### Action item
Exactly the lines from the one containing "Villa novecentesca Bellano 6" through the end of the records must be reproduced; leave out all pictures.

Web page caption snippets

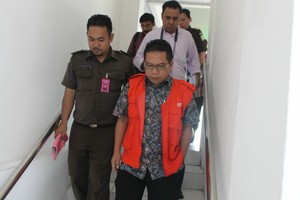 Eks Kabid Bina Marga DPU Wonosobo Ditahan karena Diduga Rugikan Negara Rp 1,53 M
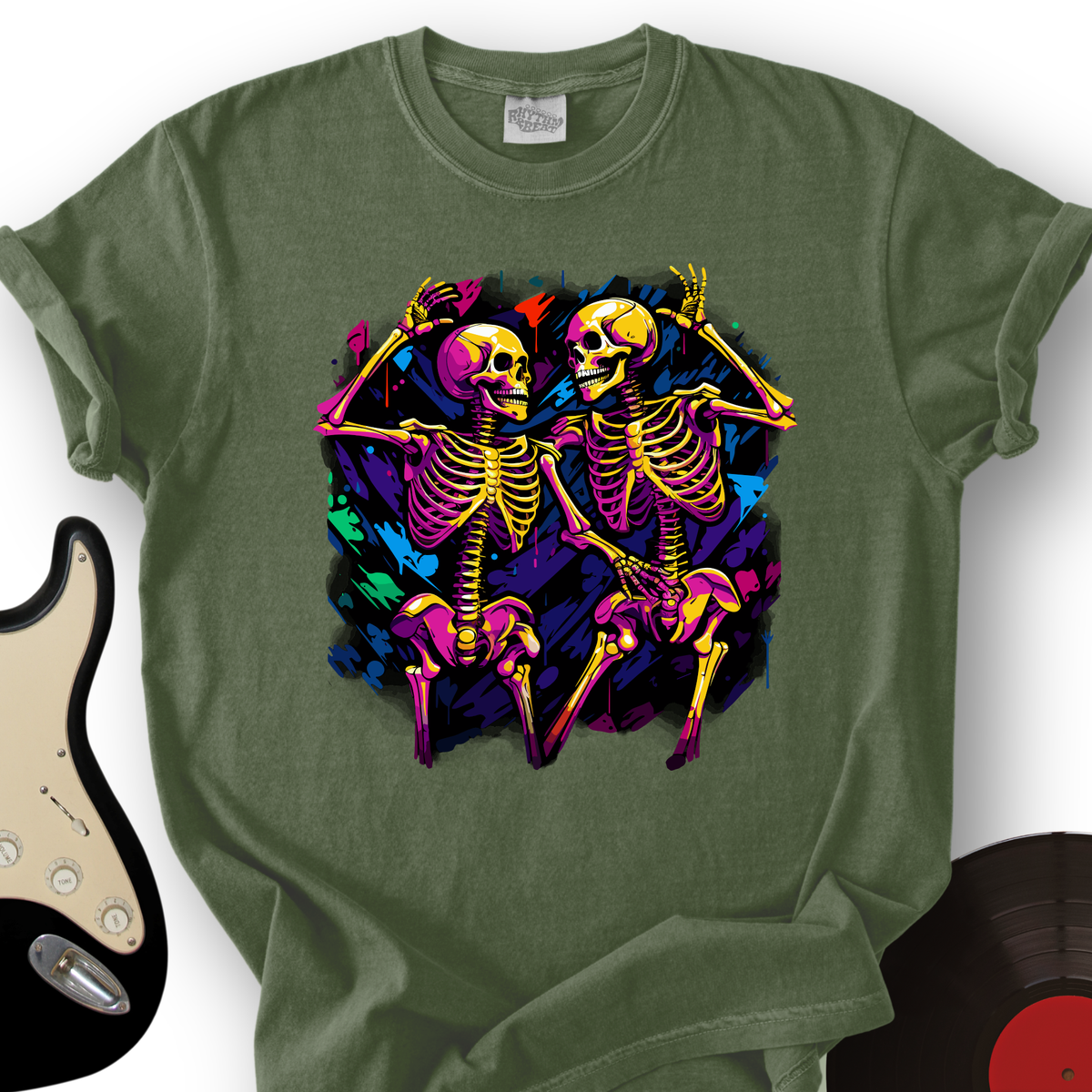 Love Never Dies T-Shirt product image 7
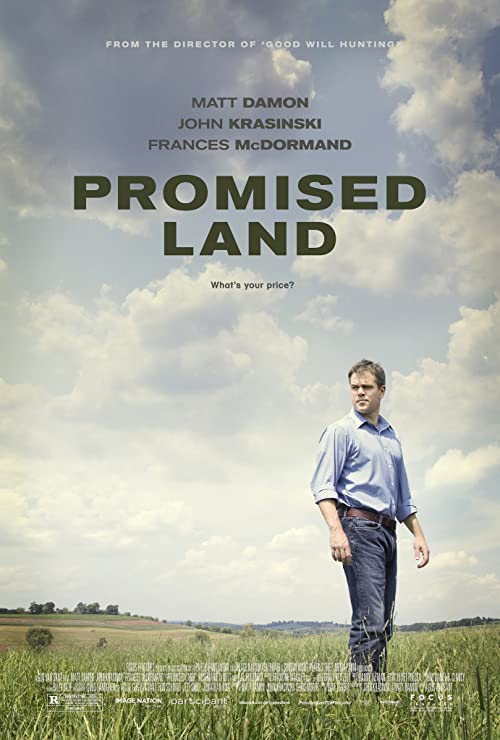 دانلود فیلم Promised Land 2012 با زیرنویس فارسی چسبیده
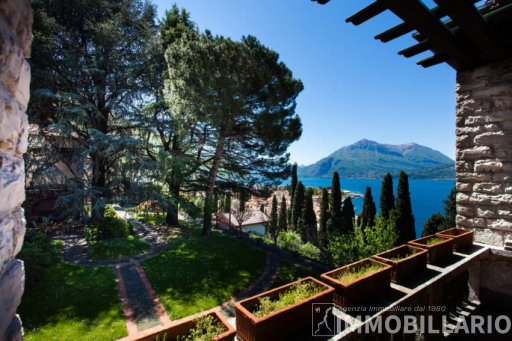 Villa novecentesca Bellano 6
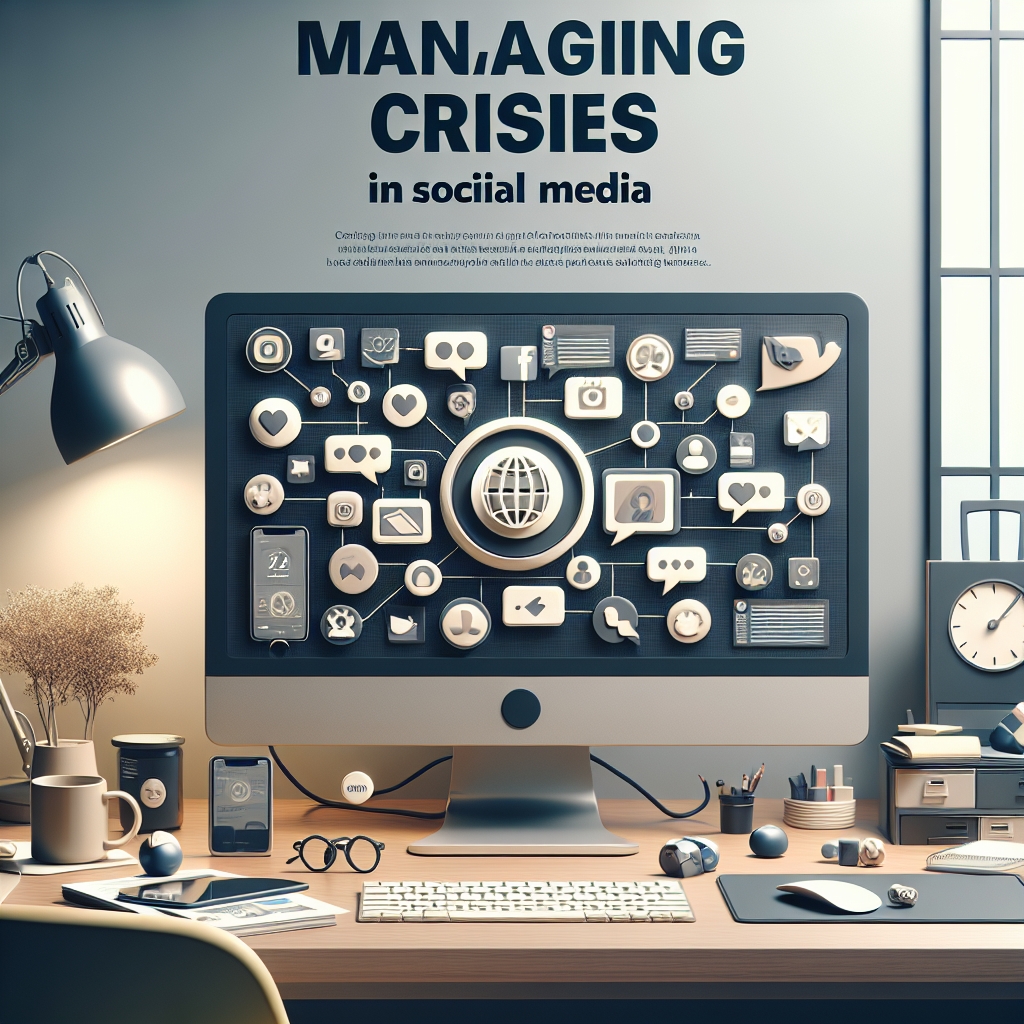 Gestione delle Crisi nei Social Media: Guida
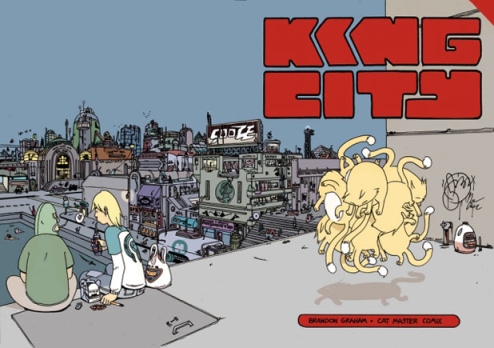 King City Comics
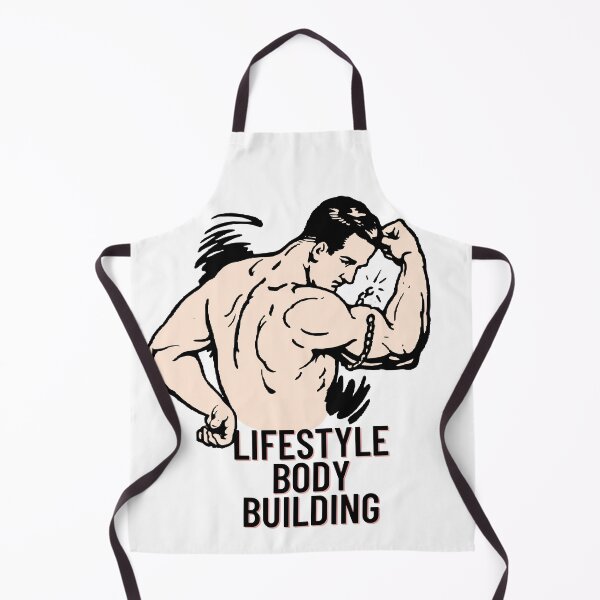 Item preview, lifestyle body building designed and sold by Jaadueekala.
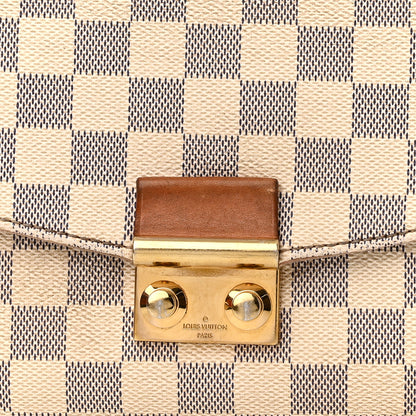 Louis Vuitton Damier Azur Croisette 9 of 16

### Answer area
 Villa novecentesca Bellano 6
 Gestione delle Crisi nei Social Media: Guida
 King City Comics
 Item preview, lifestyle body building designed and sold by Jaadueekala.
 Louis Vuitton Damier Azur Croisette 9 of 16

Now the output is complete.